__Problem to work on__
When writing out the entries below, keep only the lines from the line with "Yealink Wireless DECT" to the line with "Bedroom with bed, nightstands, closet, and", both included, exactly as they are, and leave the pictures aside.

__Data for this task__

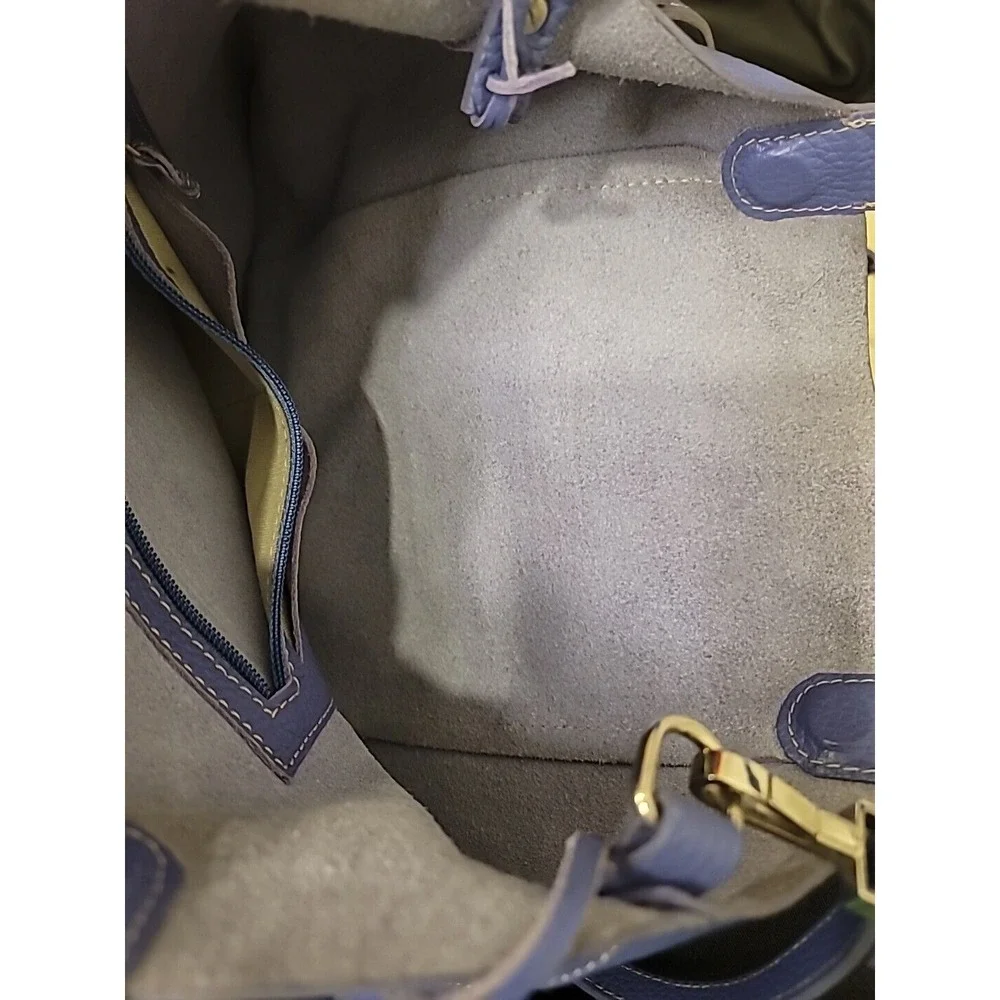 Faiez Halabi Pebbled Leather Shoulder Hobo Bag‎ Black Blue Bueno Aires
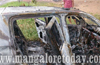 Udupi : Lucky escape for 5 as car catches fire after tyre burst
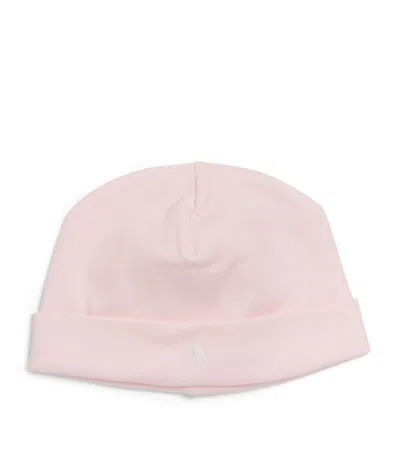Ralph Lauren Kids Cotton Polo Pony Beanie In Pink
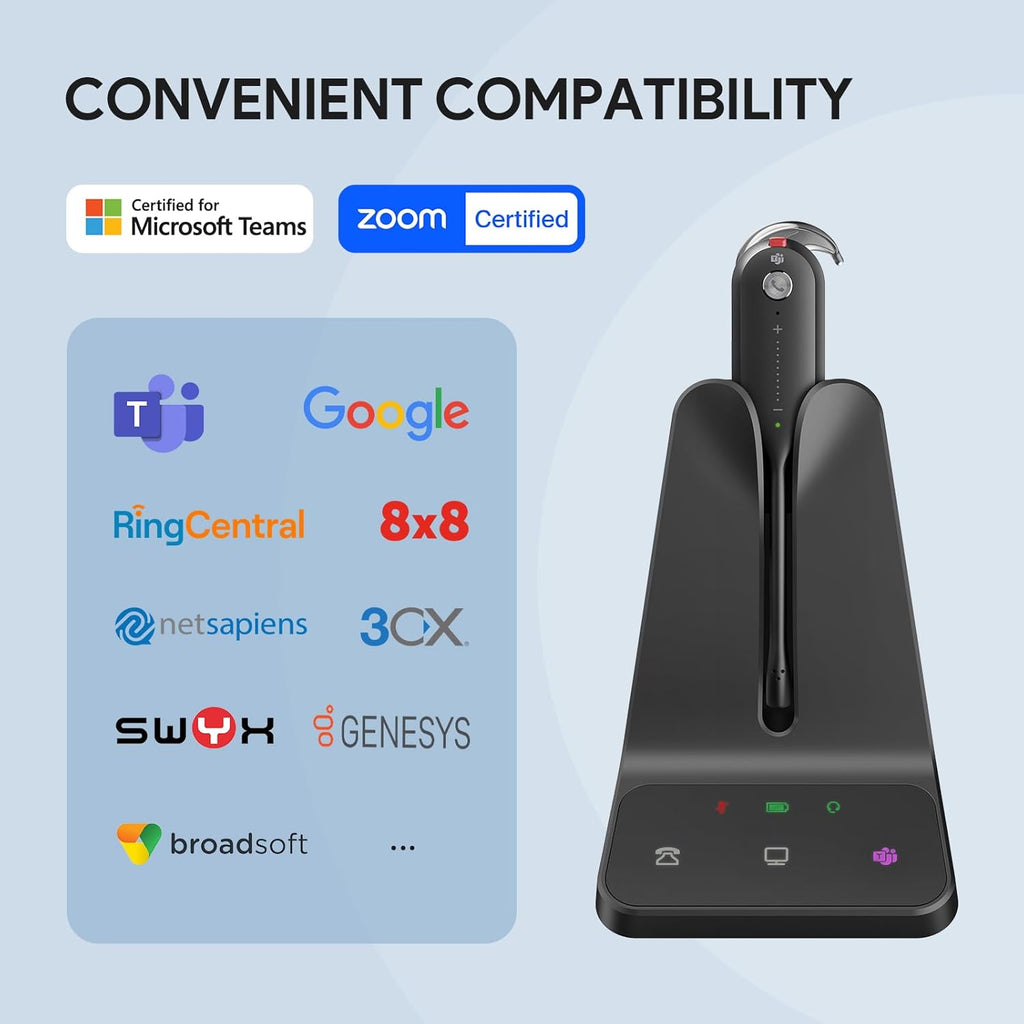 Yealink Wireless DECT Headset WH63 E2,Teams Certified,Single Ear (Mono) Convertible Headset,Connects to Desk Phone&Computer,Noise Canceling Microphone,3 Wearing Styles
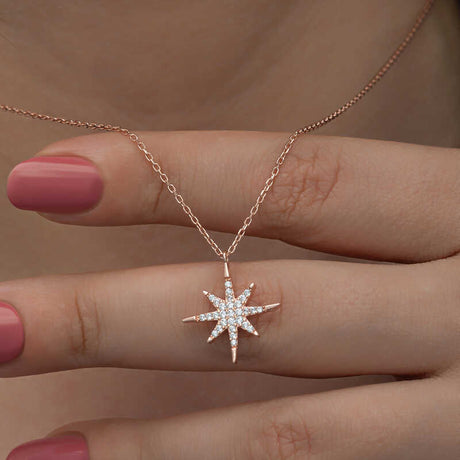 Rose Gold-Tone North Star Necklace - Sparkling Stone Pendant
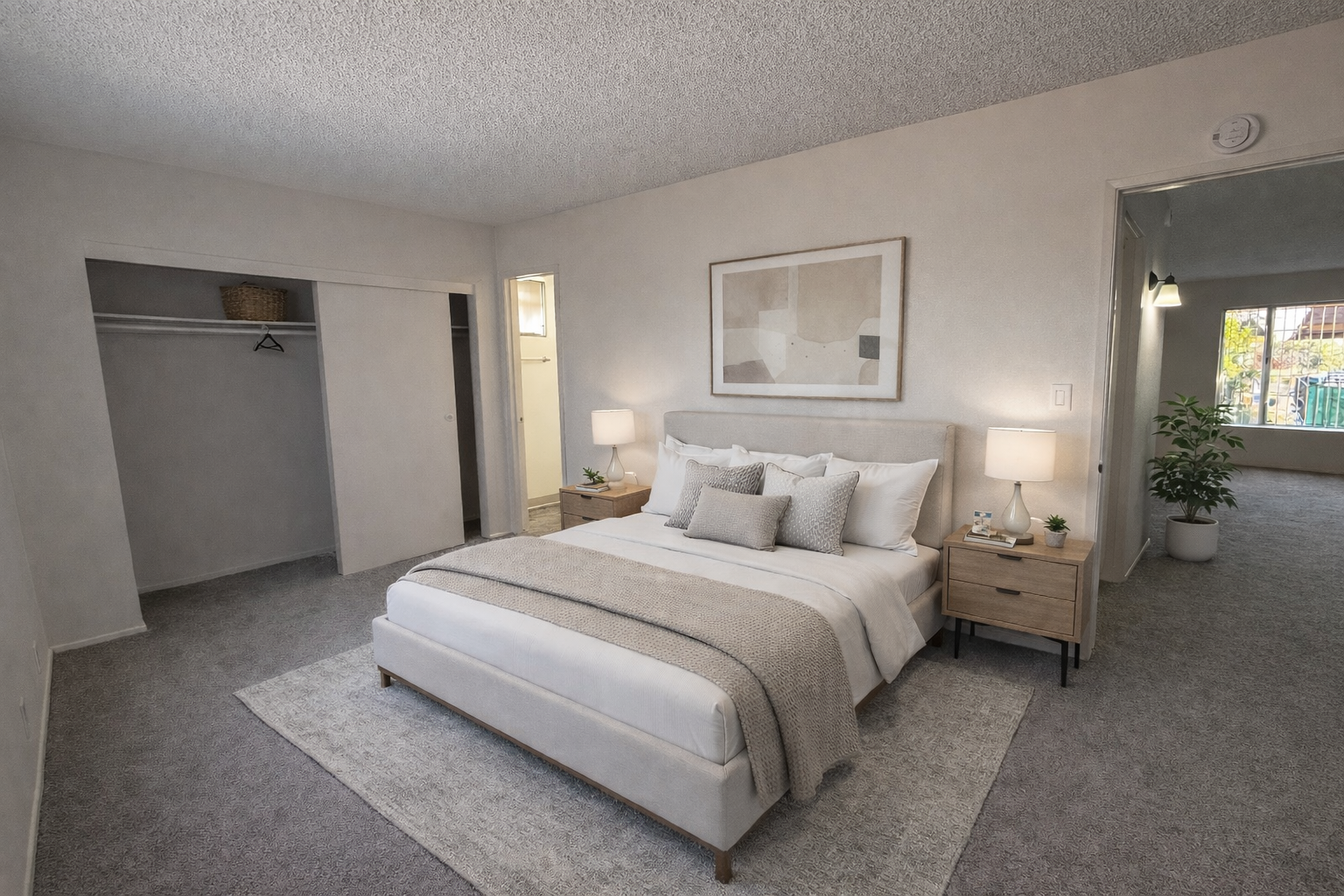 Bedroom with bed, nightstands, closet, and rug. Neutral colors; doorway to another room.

---

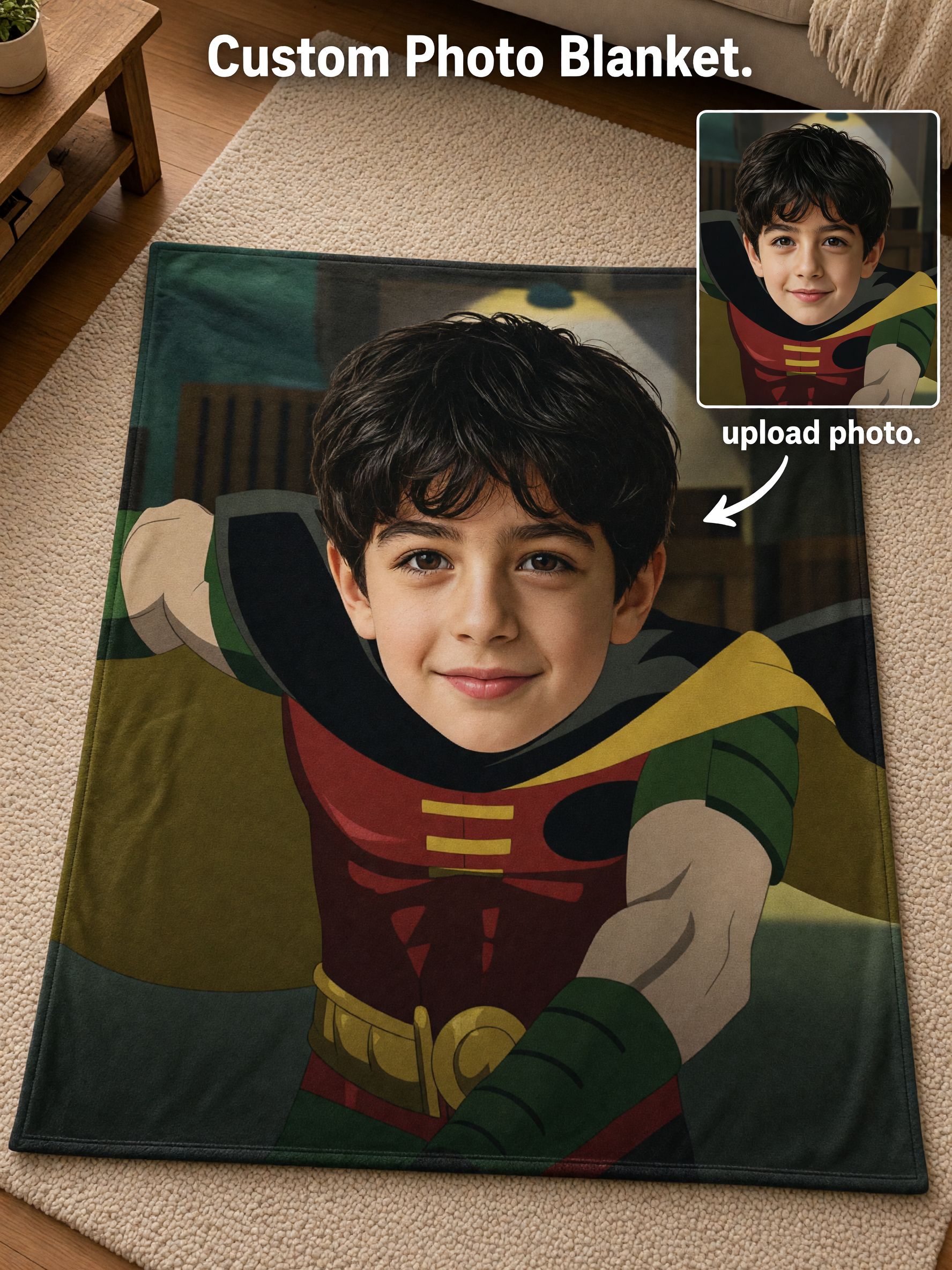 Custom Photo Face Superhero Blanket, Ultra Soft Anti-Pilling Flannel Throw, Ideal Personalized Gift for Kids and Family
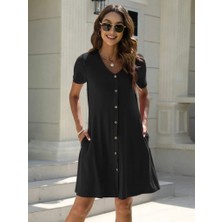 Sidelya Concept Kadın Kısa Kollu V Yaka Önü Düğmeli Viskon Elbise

...

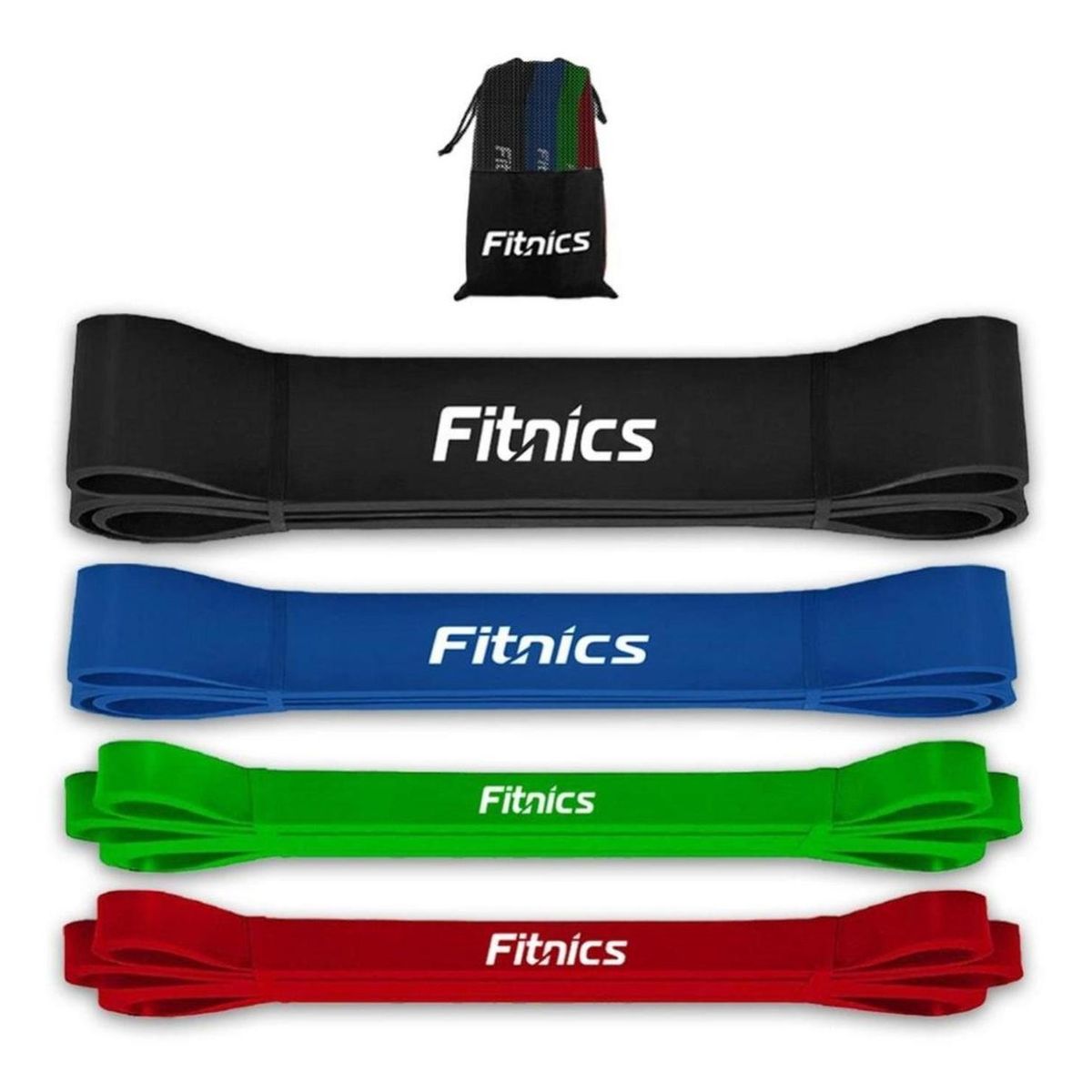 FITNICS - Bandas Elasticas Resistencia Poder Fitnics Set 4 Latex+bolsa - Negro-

__Problem solution__
 Yealink Wireless DECT Headset WH63 E2,Teams Certified,Single Ear (Mono) Convertible Headset,Connects to Desk Phone&Computer,Noise Canceling Microphone,3 Wearing Styles
 Rose Gold-Tone North Star Necklace - Sparkling Stone Pendant
 Bedroom with bed, nightstands, closet, and rug. Neutral colors; doorway to another room.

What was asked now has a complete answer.